In defence of the British Empire, he had been a thug, wielding imperial authority to suppress colonial independence movements that would require more decades of struggle to succeed.

He was, literally, the political embodiment of the iconic British bulldog, having set his teeth in a problem and refusing to let go, no matter how good or persuasive the opposing argument.

Those very qualities turned the tide of the Second World War and, with Franklin D. Roosevelt and Joseph Stalin, Churchill shaped the postwar world we inherited, for good or ill.

Tossed out of office almost the moment the war ended, he returned in 1951 for Great Britain’s next war in Korea, and then suffered a serious stroke in 1953 — the same year he received the Nobel Prize for literature.

The bulldog refused to let go, of course, so he recovered and continued his work for another decade. The earliest memory I have of television is not Bugs Bunny, but watching his extraordinary state funeral in 1965, when he was given a send-off normally reserved for a king.

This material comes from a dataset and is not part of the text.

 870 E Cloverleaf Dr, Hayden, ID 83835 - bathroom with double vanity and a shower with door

For Churchill, words mattered.

He mobilized the English language and sent it into battle, when there was nothing else left that could be done. For his political foes, in Britain and abroad, his combination of words, delivery and public image were devastating — Churchillian, in fact.

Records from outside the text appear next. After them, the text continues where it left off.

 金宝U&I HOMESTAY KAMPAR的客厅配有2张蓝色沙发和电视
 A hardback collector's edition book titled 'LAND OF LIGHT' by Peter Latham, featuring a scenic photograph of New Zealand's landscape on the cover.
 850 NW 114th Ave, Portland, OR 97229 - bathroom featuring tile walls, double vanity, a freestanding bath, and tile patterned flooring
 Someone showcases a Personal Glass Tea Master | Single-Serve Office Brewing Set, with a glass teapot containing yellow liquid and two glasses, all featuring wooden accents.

But for the rest of the world, his words could be as inspirational as his analysis was incisive. Seventy-two years ago, his speech at Westminster College in 1946 framed the Cold War in a similar fashion, calling out the Soviet Union for “the iron curtain” that had fallen across Europe.

Today, there are no literary prizes given for politicians’ speeches, written by others and read poorly from a TelePrompTer. Analysts are left with nothing to say afterward, because the politicians have offered so little. Audience response is dutiful or added in studio. Image, not substance, is all that matters in the obligatory 15-second sound bite.

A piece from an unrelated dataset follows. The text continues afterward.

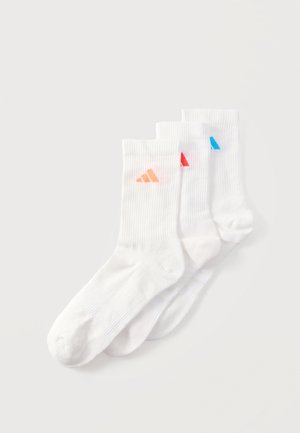 Kolm paari valgeid soonikkoes kootud poolpikka sokke, mille pahkluuosas on väikesed oranži, punase ja sinise toonis Adidas logod, virnas valgel taustal.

Political leadership has become an oxymoron, a poor joke on democratic institutions that seem to have a death wish instead of a vision for a better future. Competence is feared, honesty avoided and real answers to current problems — such as the questions dodged in parliamentary sessions — are best left to someone else, tomorrow.

The same things happened just before Churchill finally got the job. The other politicians focused on aspiration, what they wanted to happen, instead of focusing on inspiration, bringing the country together in ways that would make something happen.

His most important speeches were never recorded, just reported. Yet the tides of war changed in that moment, because of who he was, what he said and how he said it.

Today, we have lost our way.

Trying (unsuccessfully) to avoid the problems of patriarchy, we look for facilitators instead of leaders, focusing on process instead of outcome, ensuring all voices are heard, whether or not they have something useful to say. Everyone gets a ribbon.

Leadership at any level is a perilous choice for someone to make. To make things worse, the ones who seek it out these days seem the least likely to be the leaders we need.

Yet we are at war, with the planet and with ourselves, for a future in which all the defenceless children of Earth will have to live.

We need more leaders like Winston Churchill. For all his flaws, he identified the real enemy, what needed to be done to stop it, and how. Words, by themselves, were not enough — but that was the right place to start.

We must hold those in leadership accountable for their words as well as for their actions, expecting inspiration instead of aspiration, demanding a vision for what we all can do together that goes beyond winning the next election.

If they have a dream, we need to hear it and be inspired to share it. Otherwise, like Neville Chamberlain, they need to step aside before it is too late.